Directions for this task: Please restate the data word for word, in full.

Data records
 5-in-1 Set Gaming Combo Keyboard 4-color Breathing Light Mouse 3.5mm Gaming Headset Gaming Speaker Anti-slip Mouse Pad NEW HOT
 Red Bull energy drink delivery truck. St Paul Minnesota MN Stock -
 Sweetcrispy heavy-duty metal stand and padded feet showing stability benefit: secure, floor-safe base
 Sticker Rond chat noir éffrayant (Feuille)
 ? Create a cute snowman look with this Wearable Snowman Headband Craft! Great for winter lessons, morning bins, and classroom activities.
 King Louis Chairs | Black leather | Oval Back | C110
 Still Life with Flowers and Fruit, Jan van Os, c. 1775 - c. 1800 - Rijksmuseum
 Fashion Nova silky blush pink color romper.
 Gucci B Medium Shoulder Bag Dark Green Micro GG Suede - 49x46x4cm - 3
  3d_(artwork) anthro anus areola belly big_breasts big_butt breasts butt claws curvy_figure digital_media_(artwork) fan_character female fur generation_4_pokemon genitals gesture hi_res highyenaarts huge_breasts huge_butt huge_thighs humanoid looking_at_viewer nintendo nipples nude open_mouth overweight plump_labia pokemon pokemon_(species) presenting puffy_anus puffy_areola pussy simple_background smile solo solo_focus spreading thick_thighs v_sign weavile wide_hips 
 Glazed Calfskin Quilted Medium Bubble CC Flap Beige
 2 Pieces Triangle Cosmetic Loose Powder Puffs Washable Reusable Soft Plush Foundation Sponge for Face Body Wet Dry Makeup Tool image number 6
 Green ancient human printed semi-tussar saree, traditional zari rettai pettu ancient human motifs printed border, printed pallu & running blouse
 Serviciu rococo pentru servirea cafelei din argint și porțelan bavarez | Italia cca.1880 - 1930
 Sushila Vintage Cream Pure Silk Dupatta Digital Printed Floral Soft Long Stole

Your response:
 5-in-1 Set Gaming Combo Keyboard 4-color Breathing Light Mouse 3.5mm Gaming Headset Gaming Speaker Anti-slip Mouse Pad NEW HOT
 Red Bull energy drink delivery truck. St Paul Minnesota MN Stock -
 Sweetcrispy heavy-duty metal stand and padded feet showing stability benefit: secure, floor-safe base
 Sticker Rond chat noir éffrayant (Feuille)
 ? Create a cute snowman look with this Wearable Snowman Headband Craft! Great for winter lessons, morning bins, and classroom activities.
 King Louis Chairs | Black leather | Oval Back | C110
 Still Life with Flowers and Fruit, Jan van Os, c. 1775 - c. 1800 - Rijksmuseum
 Fashion Nova silky blush pink color romper.
 Gucci B Medium Shoulder Bag Dark Green Micro GG Suede - 49x46x4cm - 3
  3d_(artwork) anthro anus areola belly big_breasts big_butt breasts butt claws curvy_figure digital_media_(artwork) fan_character female fur generation_4_pokemon genitals gesture hi_res highyenaarts huge_breasts huge_butt huge_thighs humanoid looking_at_viewer nintendo nipples nude open_mouth overweight plump_labia pokemon pokemon_(species) presenting puffy_anus puffy_areola pussy simple_background smile solo solo_focus spreading thick_thighs v_sign weavile wide_hips 
 Glazed Calfskin Quilted Medium Bubble CC Flap Beige
 2 Pieces Triangle Cosmetic Loose Powder Puffs Washable Reusable Soft Plush Foundation Sponge for Face Body Wet Dry Makeup Tool image number 6
 Green ancient human printed semi-tussar saree, traditional zari rettai pettu ancient human motifs printed border, printed pallu & running blouse
 Serviciu rococo pentru servirea cafelei din argint și porțelan bavarez | Italia cca.1880 - 1930
 Sushila Vintage Cream Pure Silk Dupatta Digital Printed Floral Soft Long Stole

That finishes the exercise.